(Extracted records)
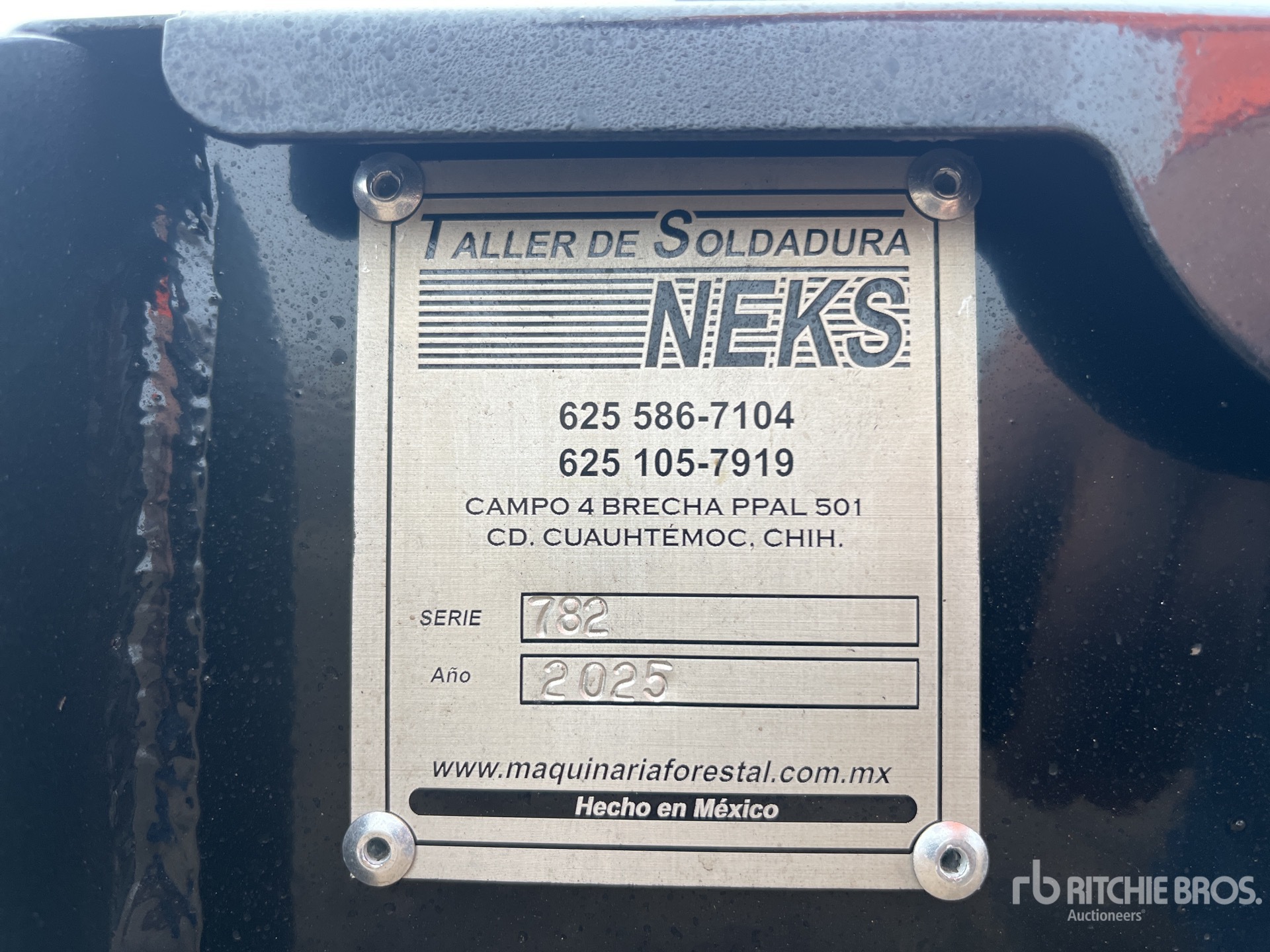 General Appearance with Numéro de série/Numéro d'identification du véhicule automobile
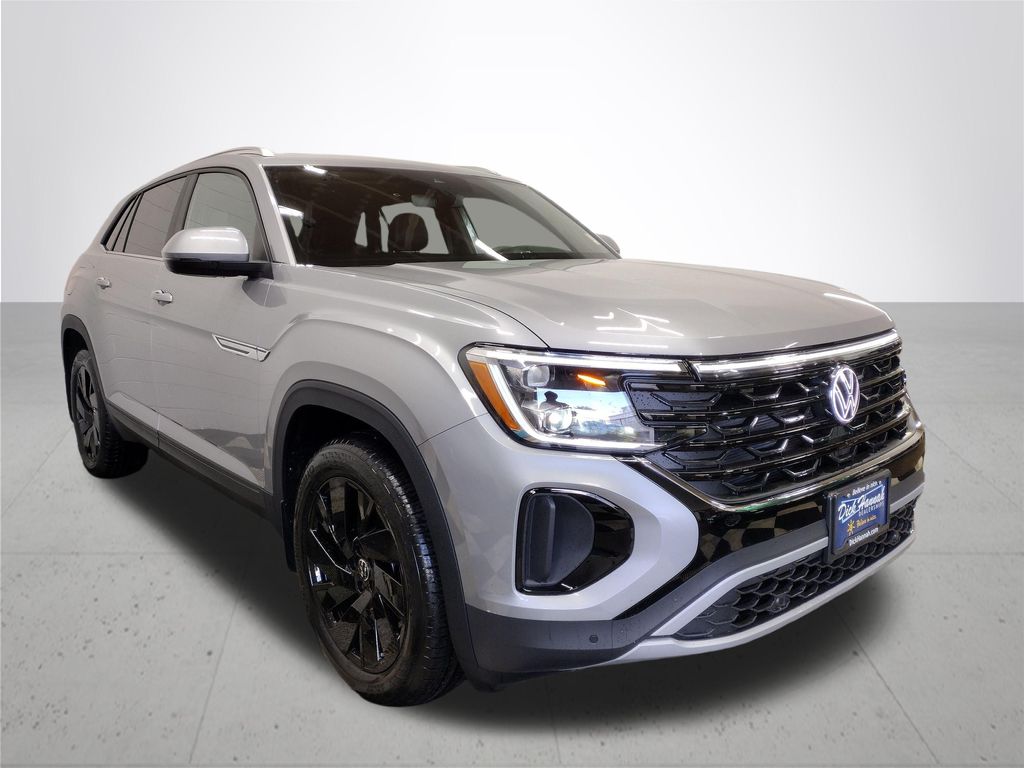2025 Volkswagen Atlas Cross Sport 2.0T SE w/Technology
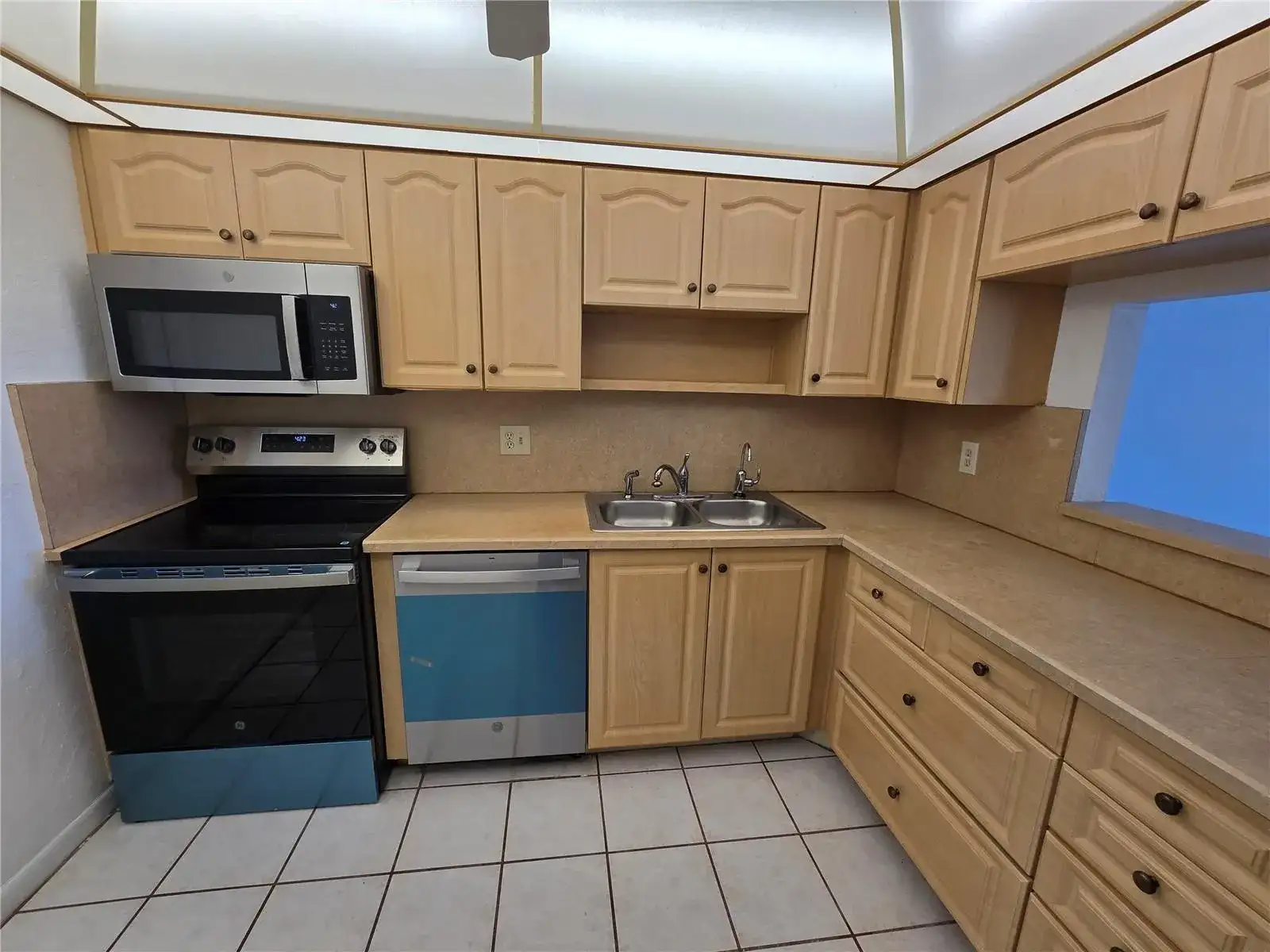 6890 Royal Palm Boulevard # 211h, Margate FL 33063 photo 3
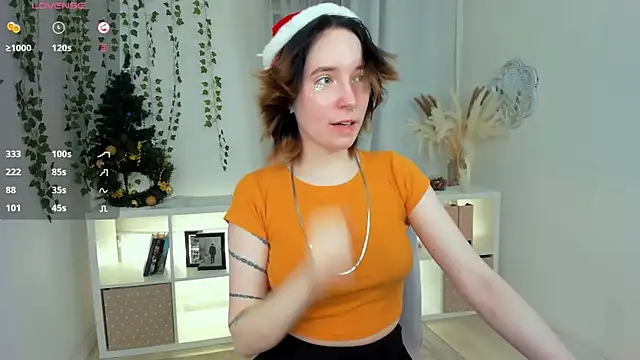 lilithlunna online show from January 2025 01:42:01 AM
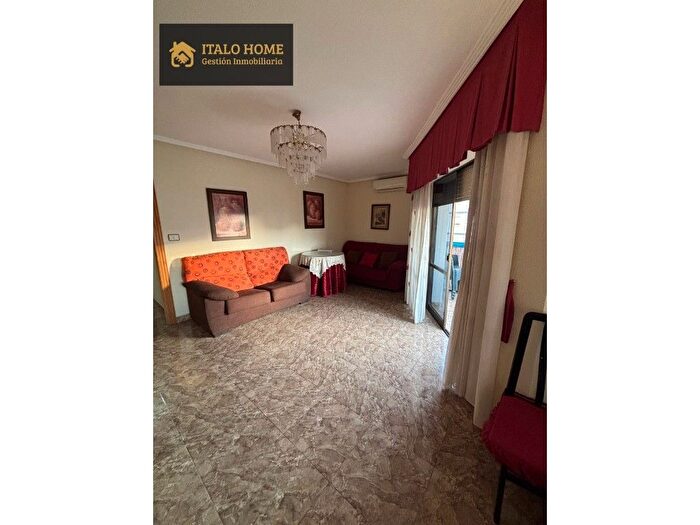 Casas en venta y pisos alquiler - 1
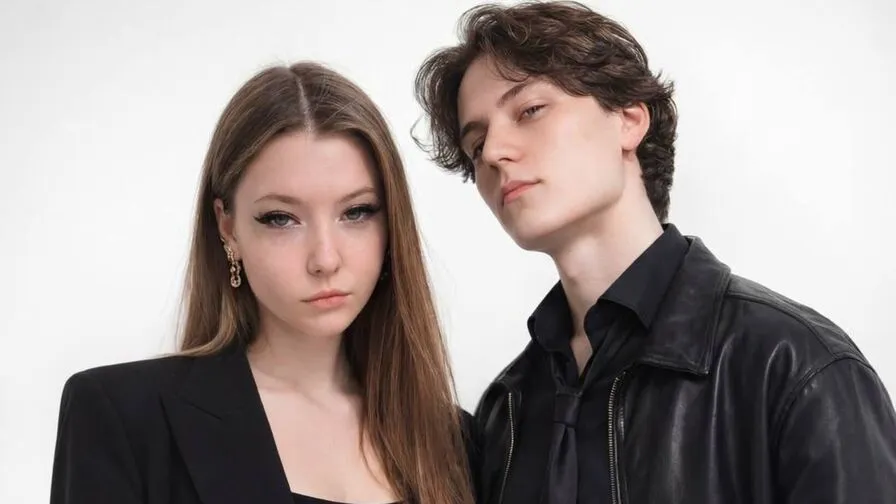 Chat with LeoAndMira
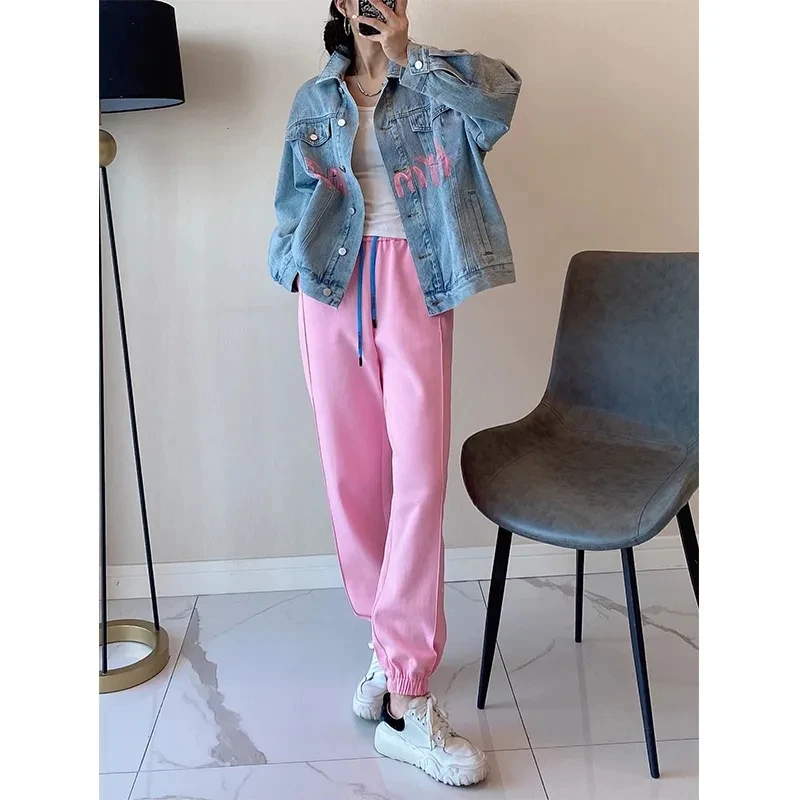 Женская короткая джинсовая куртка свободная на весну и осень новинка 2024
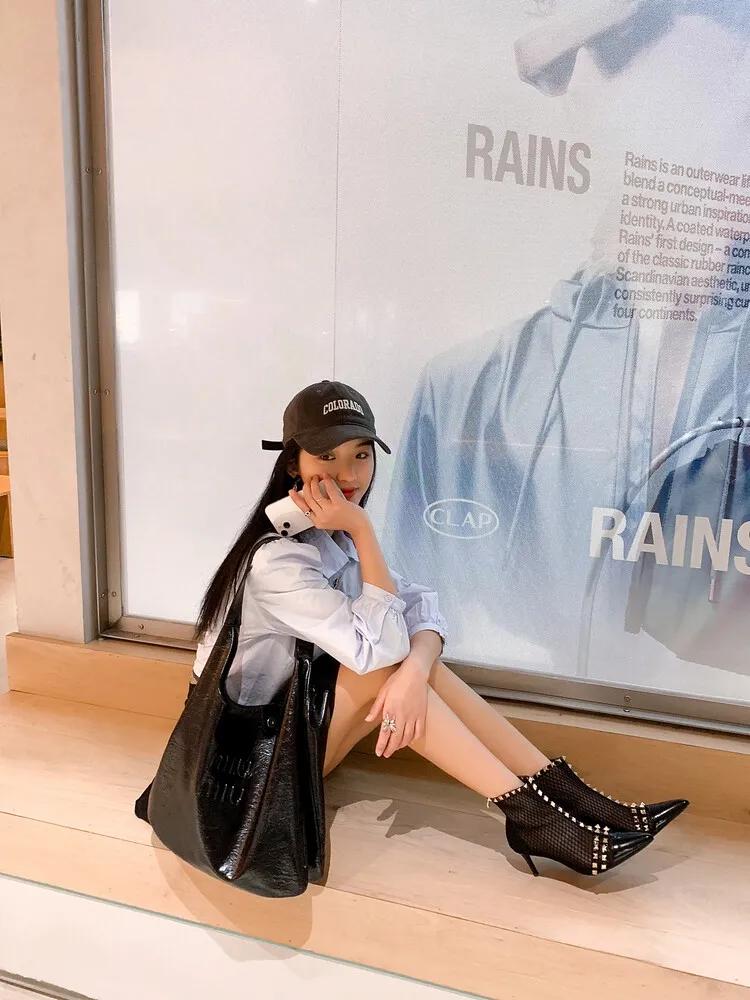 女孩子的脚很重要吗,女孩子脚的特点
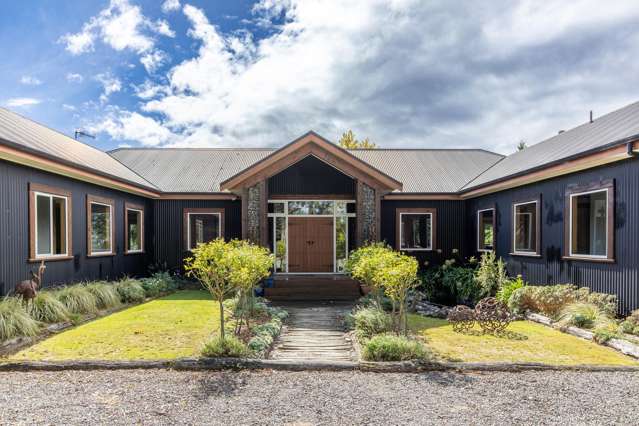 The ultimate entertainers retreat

§ Work task: Retype the lines from the one containing "6890 Royal Palm" down to the last line of the records, both included, exactly and nothing more. Pictures stay out.

§ Response box:
 6890 Royal Palm Boulevard # 211h, Margate FL 33063 photo 3
 lilithlunna online show from January 2025 01:42:01 AM
 Casas en venta y pisos alquiler - 1
 Chat with LeoAndMira
 Женская короткая джинсовая куртка свободная на весну и осень новинка 2024
 女孩子的脚很重要吗,女孩子脚的特点
 The ultimate entertainers retreat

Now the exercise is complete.